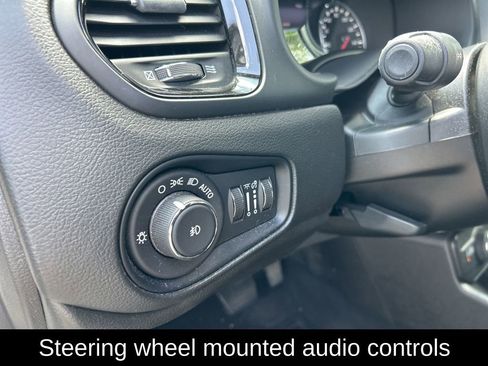 Certified 2022 Jeep Renegade Altitude image 17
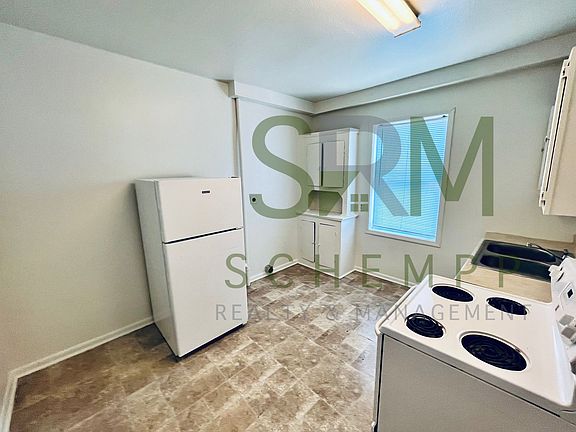 2nd image of 307 Woodbine St APT 1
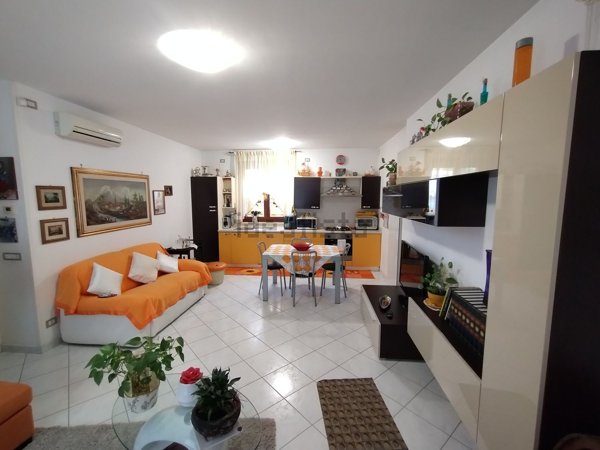 appartamento in vendita a Montecosaro in zona Borgo Stazione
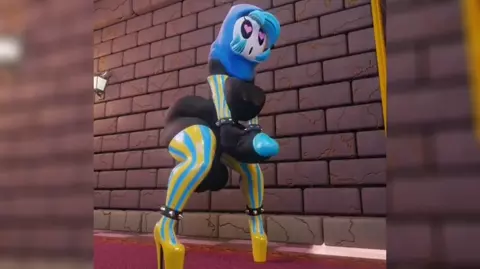 wyerframeZ Futanari HMV [4K in Discord]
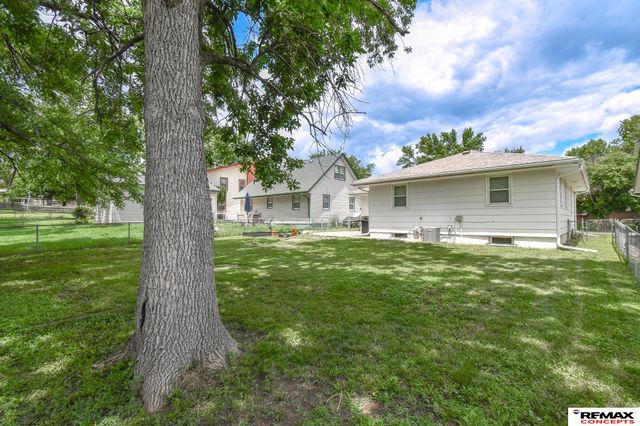 1905 Fairfield Street, Lincoln, NE 68521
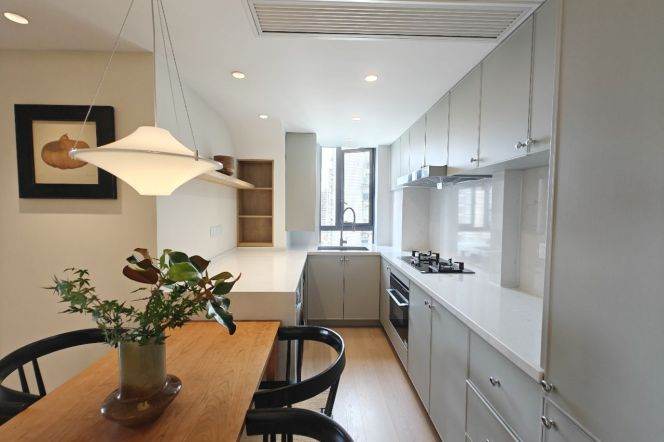 Jing'an  Wuding rd stunning 2 br Apt &floor heating &open kitchen 15.8K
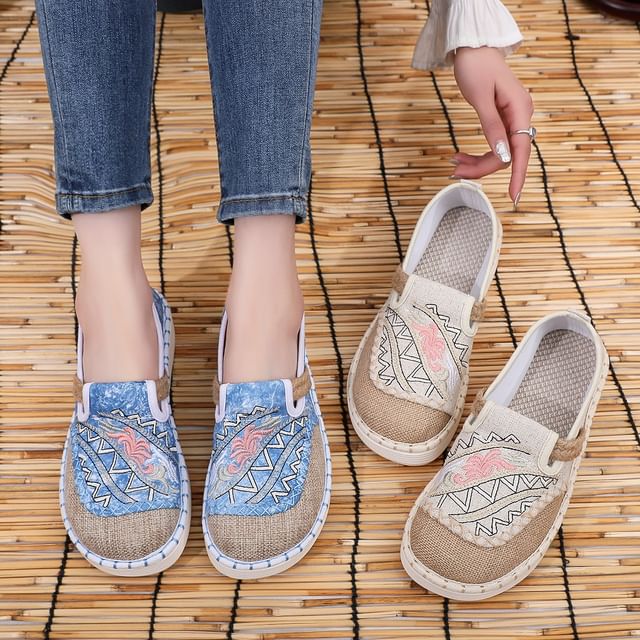 Platform Panel Slip Embroidered Ons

_Exercise requirements_
This exercise asks for the data above to be given again exactly, without pictures.

_Task answer_
 Certified 2022 Jeep Renegade Altitude image 17
 2nd image of 307 Woodbine St APT 1
 appartamento in vendita a Montecosaro in zona Borgo Stazione
 wyerframeZ Futanari HMV [4K in Discord]
 1905 Fairfield Street, Lincoln, NE 68521
 Jing'an  Wuding rd stunning 2 br Apt &floor heating &open kitchen 15.8K
 Platform Panel Slip Embroidered Ons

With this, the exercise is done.